L'année dernière, à peu près à la même époque, je découvrais un vieux groupe des années 70 dont je n'avais jamais entendu parler jusqu'alors. Et comme je ne doute de rien, je n'avais même pas honte... Il faut dire que mon manque de culture musicale n'était pas forcément en cause car ce groupe venait en fait de se reformer après une carrière relativement courte.
Cette découverte par le biais d'un témoignage live m'avait laissé un goût doux et sucré que j'attendais de ressentir à nouveau. Et me voici exaucé avec l'édition de ce nouvel album studio me prouvant que ces vieux lascars ont bel et bien repris le chemin des studios et de la scène.
Je me répète : je n'aime pas le prog italien. Je n'y peux rien, c'est comme ça, et je vais même en rajouter en donnant une motivation complètement subjective : la langue italienne chantée me déplait en général et je trouve qu'elle s'associe encore moins au progressif qu'à la pop. Mais voila que Delirium, par la qualité de sa musique, me fait oublier cet aspect, là même où les premiers albums de Kaipa, par exemple, n'avaient pas réussi à me faire adhérer au chant en suédois qui m'est tout aussi insupportable.
Mais revenons à Delirium.
Avec Il Nome Del Vento, la barre est placée encore plus haut et il nous est prouvé que l'inspiration ne faiblit pas toujours avec le nombre des années. Pourtant, l'introduction sur fond d'orage peut faire craindre le pire en matière de poncifs maintes fois éculés, et cette impression se confirme avec l'entrée de la voix, typiquement italienne.

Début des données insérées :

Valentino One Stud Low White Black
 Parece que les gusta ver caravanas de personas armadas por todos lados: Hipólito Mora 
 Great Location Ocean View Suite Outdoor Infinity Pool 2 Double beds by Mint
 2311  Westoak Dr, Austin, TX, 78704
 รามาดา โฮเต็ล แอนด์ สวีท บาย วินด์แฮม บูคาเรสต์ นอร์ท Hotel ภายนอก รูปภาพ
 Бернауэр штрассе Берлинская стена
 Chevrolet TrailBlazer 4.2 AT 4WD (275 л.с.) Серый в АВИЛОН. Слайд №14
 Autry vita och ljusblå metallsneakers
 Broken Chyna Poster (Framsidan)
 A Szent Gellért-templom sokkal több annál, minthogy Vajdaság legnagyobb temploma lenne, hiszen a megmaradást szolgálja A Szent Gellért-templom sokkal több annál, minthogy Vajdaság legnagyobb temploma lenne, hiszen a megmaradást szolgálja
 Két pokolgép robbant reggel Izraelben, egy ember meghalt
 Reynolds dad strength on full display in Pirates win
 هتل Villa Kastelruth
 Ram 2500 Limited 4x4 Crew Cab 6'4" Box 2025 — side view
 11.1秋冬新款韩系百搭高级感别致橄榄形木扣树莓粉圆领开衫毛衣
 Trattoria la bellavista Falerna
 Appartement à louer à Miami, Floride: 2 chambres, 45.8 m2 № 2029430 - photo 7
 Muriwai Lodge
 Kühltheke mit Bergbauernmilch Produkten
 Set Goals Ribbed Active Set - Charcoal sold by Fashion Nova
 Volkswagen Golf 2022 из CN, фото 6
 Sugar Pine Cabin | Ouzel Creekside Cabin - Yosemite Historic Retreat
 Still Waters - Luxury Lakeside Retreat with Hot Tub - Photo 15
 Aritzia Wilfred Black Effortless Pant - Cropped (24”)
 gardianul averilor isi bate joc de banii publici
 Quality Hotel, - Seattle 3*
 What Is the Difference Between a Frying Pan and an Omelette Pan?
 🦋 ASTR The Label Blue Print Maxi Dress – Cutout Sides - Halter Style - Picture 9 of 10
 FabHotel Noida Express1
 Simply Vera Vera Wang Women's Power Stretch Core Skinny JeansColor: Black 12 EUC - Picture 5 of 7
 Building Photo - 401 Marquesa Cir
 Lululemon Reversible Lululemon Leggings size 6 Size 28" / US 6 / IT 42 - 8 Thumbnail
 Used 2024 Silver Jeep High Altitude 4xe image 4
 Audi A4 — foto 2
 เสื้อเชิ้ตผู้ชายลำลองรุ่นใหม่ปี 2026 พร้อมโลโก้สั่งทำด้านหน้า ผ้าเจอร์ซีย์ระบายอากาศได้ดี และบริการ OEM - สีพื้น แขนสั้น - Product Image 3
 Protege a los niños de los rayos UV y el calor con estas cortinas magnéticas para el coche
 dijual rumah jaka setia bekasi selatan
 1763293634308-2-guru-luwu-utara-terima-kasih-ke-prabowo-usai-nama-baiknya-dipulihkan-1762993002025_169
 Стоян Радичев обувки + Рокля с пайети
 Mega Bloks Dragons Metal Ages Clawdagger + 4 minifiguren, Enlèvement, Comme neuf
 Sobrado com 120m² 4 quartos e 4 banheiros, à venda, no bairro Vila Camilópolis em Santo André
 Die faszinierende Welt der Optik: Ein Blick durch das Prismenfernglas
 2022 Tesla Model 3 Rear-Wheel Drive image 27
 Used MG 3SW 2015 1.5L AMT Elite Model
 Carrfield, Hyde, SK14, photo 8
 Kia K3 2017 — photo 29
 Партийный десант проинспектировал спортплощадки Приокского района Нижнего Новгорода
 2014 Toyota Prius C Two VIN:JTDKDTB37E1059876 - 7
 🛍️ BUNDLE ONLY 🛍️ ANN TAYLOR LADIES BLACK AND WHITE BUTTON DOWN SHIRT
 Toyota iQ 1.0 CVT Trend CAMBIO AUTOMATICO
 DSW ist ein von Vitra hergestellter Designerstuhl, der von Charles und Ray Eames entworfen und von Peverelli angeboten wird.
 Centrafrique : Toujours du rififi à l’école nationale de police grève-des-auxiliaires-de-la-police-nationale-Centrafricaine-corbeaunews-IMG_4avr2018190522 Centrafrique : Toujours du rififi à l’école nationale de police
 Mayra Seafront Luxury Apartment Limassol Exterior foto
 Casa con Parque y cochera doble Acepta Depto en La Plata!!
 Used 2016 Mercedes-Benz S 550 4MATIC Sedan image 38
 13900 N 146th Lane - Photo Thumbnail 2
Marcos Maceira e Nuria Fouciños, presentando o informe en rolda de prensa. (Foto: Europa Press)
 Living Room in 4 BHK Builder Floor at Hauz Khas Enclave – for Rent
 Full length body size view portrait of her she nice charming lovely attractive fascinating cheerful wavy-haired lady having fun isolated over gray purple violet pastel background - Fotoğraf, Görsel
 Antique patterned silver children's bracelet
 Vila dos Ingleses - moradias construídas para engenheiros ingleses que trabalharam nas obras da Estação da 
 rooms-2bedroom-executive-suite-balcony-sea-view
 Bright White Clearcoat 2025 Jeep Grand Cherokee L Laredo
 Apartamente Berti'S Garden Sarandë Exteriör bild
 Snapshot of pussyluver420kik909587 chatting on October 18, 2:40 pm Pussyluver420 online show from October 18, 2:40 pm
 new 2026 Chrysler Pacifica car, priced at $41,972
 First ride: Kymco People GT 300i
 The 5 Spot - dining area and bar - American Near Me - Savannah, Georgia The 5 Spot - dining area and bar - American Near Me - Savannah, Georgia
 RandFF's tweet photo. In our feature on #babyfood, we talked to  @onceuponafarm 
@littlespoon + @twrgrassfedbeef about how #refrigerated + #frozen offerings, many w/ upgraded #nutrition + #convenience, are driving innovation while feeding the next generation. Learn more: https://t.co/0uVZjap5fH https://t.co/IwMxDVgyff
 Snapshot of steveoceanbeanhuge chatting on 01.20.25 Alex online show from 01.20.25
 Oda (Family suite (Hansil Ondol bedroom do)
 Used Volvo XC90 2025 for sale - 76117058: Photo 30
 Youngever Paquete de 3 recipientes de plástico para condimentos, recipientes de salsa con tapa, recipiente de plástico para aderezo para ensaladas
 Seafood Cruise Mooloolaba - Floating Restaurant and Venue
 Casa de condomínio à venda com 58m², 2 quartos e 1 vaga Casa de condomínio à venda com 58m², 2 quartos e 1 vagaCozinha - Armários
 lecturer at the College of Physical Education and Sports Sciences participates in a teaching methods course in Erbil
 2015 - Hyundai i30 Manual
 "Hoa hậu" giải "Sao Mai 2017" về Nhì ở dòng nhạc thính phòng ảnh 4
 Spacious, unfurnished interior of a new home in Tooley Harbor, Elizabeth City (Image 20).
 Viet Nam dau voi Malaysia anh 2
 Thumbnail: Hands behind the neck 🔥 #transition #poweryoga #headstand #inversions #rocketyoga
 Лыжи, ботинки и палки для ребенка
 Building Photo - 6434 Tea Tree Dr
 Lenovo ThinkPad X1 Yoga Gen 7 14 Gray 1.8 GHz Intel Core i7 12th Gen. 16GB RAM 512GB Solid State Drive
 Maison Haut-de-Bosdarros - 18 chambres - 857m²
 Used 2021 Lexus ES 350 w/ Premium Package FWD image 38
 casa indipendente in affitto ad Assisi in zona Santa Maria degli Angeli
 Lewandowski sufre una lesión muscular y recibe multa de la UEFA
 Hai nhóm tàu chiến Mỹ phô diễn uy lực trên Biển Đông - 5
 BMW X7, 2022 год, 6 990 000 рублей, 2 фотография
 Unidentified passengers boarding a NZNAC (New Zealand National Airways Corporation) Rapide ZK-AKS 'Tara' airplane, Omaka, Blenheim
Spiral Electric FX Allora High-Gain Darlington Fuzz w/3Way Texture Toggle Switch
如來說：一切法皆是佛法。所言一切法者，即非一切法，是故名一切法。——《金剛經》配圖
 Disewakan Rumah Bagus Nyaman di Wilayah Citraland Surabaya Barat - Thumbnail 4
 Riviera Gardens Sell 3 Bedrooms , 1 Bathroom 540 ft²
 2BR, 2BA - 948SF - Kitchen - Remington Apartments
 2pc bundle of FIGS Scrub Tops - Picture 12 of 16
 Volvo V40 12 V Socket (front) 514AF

Mais Delirium ne se contente que de poser l'ambiance pour enchaîner immédiatement avec un morceau qui, par l'utilisation des sons classiques, tape d'emblée sur le terrain parfaitement maîtrisé des Hongrois d'After Crying. Puis le mélodique, limite pop dans son refrain, Verso Il Naufragio, breakant à foison dans des registres progressifs, attire irrésistiblement mes doigts vers la touche replay et nous affirme l'évidence : Delirium fait de l'éclectique, passant avec bonheur sur le jazz, le classique et le progressif.
La seule constante de Delirium reste l'émotion qui suinte de chaque morceau et en particulier de l'utilisation toujours judicieuse des chœurs et des instruments classiques, flûte en avant-plan constant. L'émotion passe aussi par le malaise sous la forme d'un Ogni Storia jouant sur la corde sensible parentale (écoutez, vous comprendrez) tout en surfant sur des harmonies dérangeantes avant de se développer par un apport rythmique swinguant qui allège le tout ; la libération vient d'un développement mélodique qu'il serait aisé de juger facile.
Delirium, si je puis me répéter, a choisi dans sa musique la meilleure composante de son nom : cette capacité à délirer sans faire n'importe quoi, bien que le début de Note Di Tempesta fasse craindre l'irréparable. L'impression qu'on va perdre le contrôle est omniprésente mais la limite n'est jamais franchie et le plaisir de l'écoute reste là... Jusqu'au bout.
Après ces deux albums, une seule envie s'affirme : découvrir ce qu'on a perdu durant toutes ces années en se plongeant avec délice dans les premiers albums.